More extreme than a tendency to hold on to a few trinkets for sentimental value or stocking up on a few extra packages of toilet paper, hoarding behavior is often a symptom of more severe anxiety or obsessive-compulsive issue.

Before the covid-19 pandemic locked the globe in its vice-like grip, between two and three percent of the world’s population were obsessive hoarders. But that rate is believed to have shot up four percent since spring 2020.

Cleaning crews that bravely traverse crowded apartments often collect hundreds if not tons of garbage. It is also not uncommon to uncover long-dead pets and human excrement.  

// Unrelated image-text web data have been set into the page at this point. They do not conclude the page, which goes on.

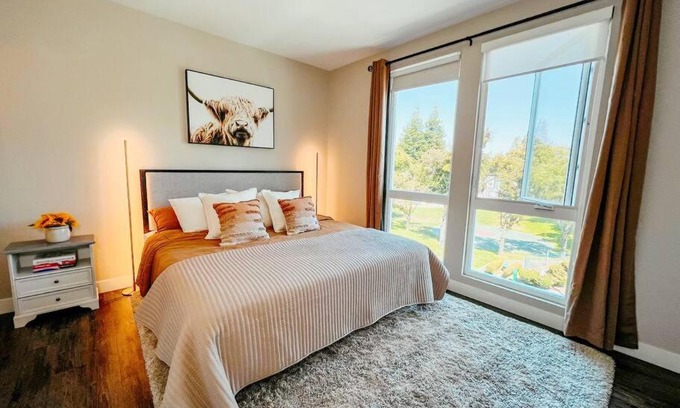 Mountain View Appartement | KING BED Modern 2 Bed 2 Bath Pool & Hot Tub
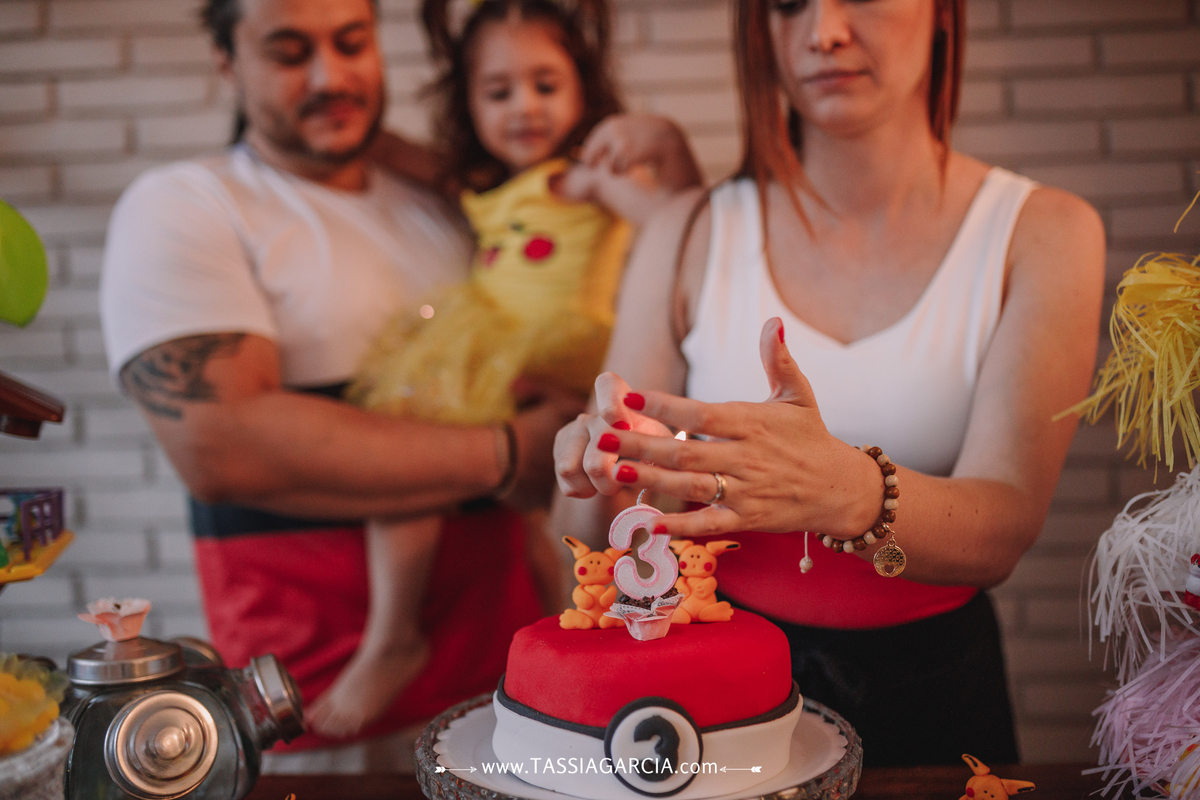 decoração de festa em casa tema pikachu ribeirão preto tassia garcia fotografia 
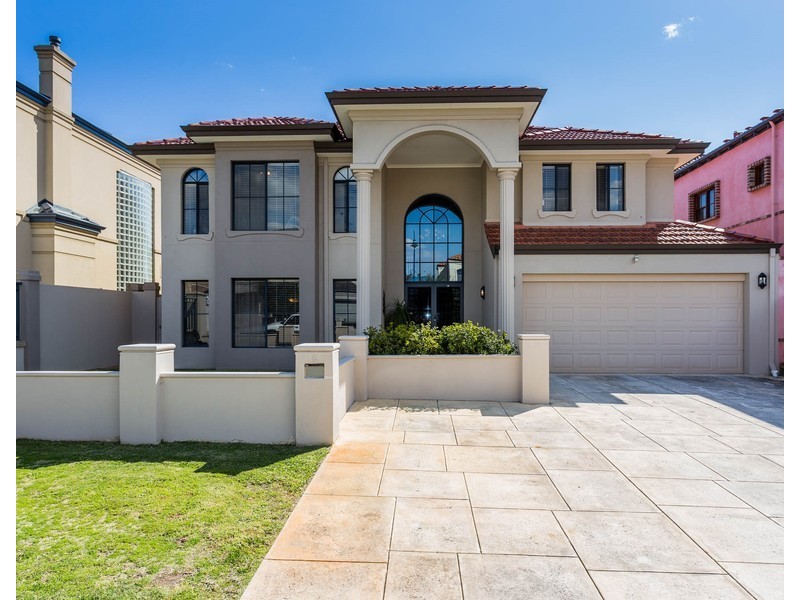 6 Kirkby Ridge, Salter Point WA 6152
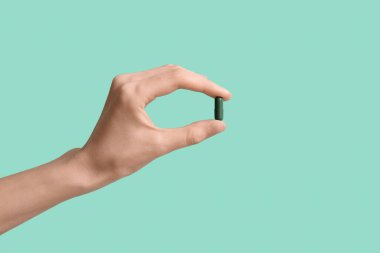 Turkuaz arka planda kadın el hapları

People struggling with mental health conditions such as OCD before the pandemic saw their symptoms worsen when much of society went into an extended lockdown, suddenly deprived of easy access to treatment and support from loved ones.

A cleaning crew focused on hoarding took a shot of empty food containers, bottles, newspaper and garbage piled waist-high in the living room of an elegant pre-war condo building in New York city 

They found hundreds of used toilet paper rolls, baby wipes and garbage made the bathroom of this posh apartment inaccessible

Psychiatrists have designated hoarding disorder as its own distinct diagnosis, though it has historicially been considered to be a type of obsessive-compulsive disorder, which affects roughly 2.5 million adults, or 1.2 percent of the US population.

In the early stage of the pandemic outbreak when the novel virus and where it came from was still shrouded in mystery, the world was forced into mandatory periods of quarantine when it seemed that much of people’s lives were suddenly outside of their control.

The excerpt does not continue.